**What is needed:** Retype the records in full, and please keep the pictures out of the copy.

═══ Record set

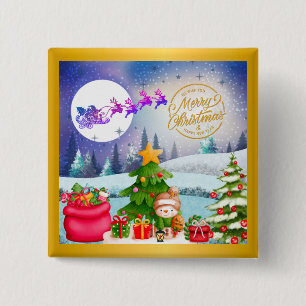 Chapa Cuadrada Muñeco de nieve Feliz Navidad Árbol Regalo & Feliz
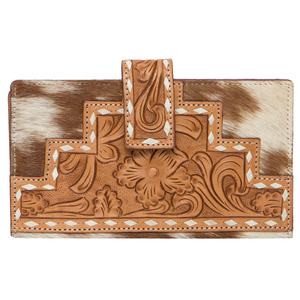 Portefeuille tendance en cuir de vachette de luxe de style western Cowgirl Portefeuille en fourrure de vachette Pochette Portefeuille en cuir véritable Fabricant de portefeuille - Product Image 1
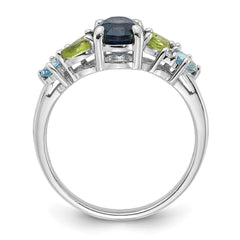SS Rhodium London Lt.Swiss Blue/White Topaz and Peridot Ring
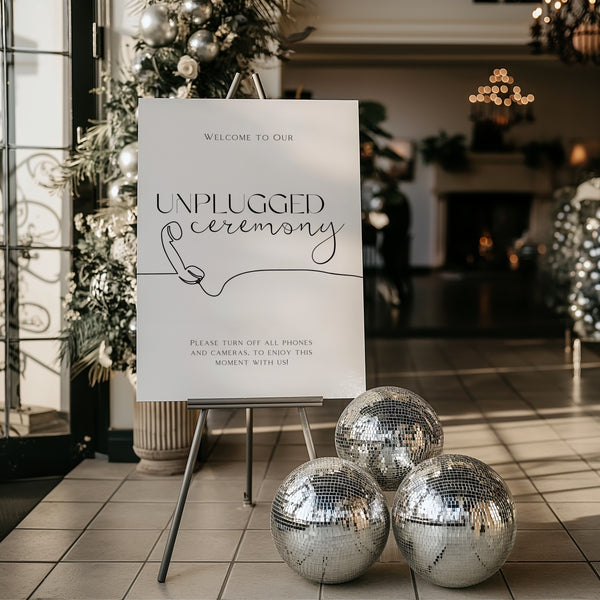 winter white unplugged ceremony wedding sign - unplugged wedding ceremony sign - custom winter wedding signage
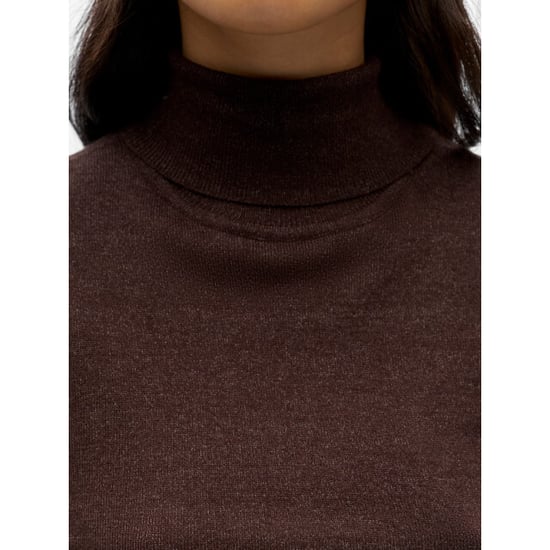 Object objthess l/s rollneck knit pullover 23033228 seal brown - Image 4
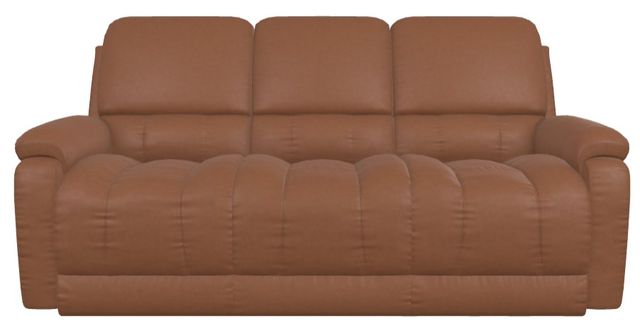 La-Z-Boy® Greyson Caramel Leather Manual Reclining Sofa-1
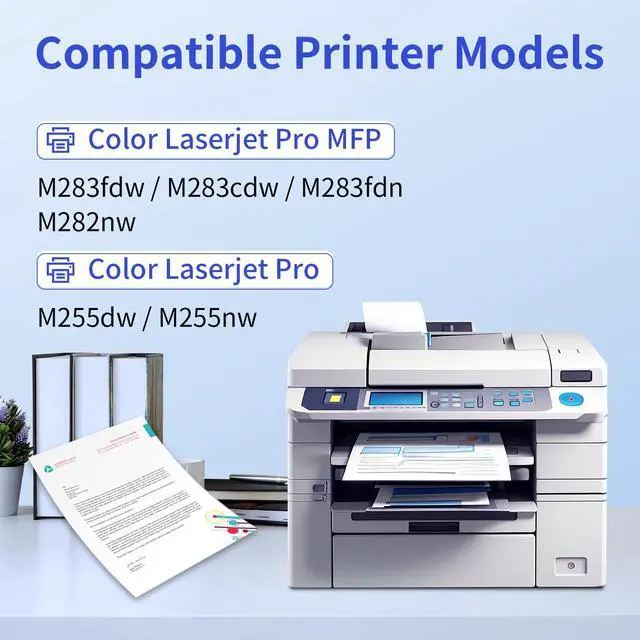 Alt view image 2 of 7 - 206A Toner Cartridges 4 Pack for HP 206A 206X MFP M283fdw M283cdw M255dw | Compatible for HP Color LaserJet Pro MFP M283fdw M283cdw M283fdn M255dw M283 M255 Printer W2110A W2110X High Yield with Chip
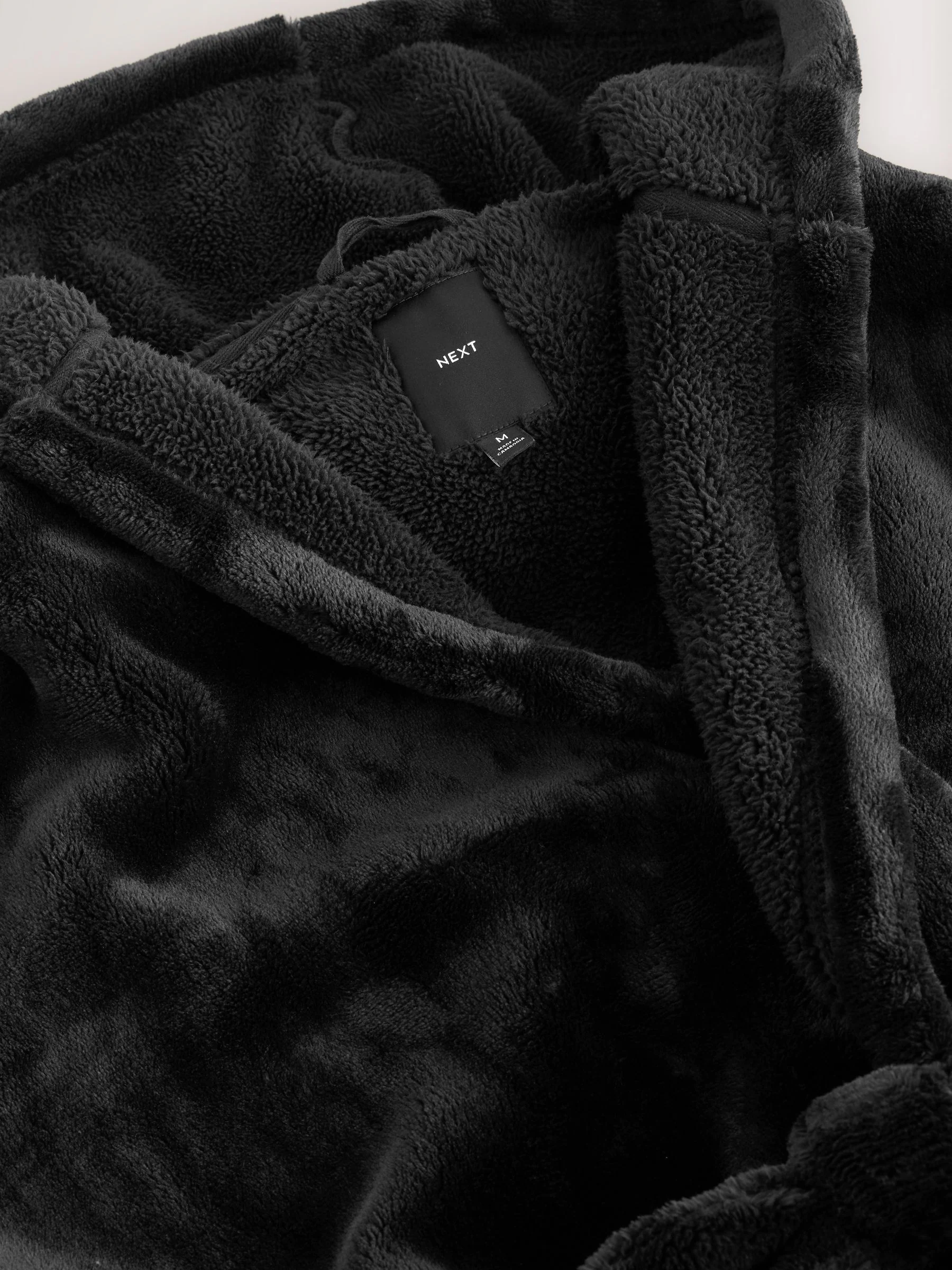 Zwart - Ochtendjas van fleece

══════

**Completed task:**
 Chapa Cuadrada Muñeco de nieve Feliz Navidad Árbol Regalo & Feliz
 Portefeuille tendance en cuir de vachette de luxe de style western Cowgirl Portefeuille en fourrure de vachette Pochette Portefeuille en cuir véritable Fabricant de portefeuille - Product Image 1
SS Rhodium London Lt.Swiss Blue/White Topaz and Peridot Ring
 winter white unplugged ceremony wedding sign - unplugged wedding ceremony sign - custom winter wedding signage
 Object objthess l/s rollneck knit pullover 23033228 seal brown - Image 4
 La-Z-Boy® Greyson Caramel Leather Manual Reclining Sofa-1
 Alt view image 2 of 7 - 206A Toner Cartridges 4 Pack for HP 206A 206X MFP M283fdw M283cdw M255dw | Compatible for HP Color LaserJet Pro MFP M283fdw M283cdw M283fdn M255dw M283 M255 Printer W2110A W2110X High Yield with Chip
 Zwart - Ochtendjas van fleece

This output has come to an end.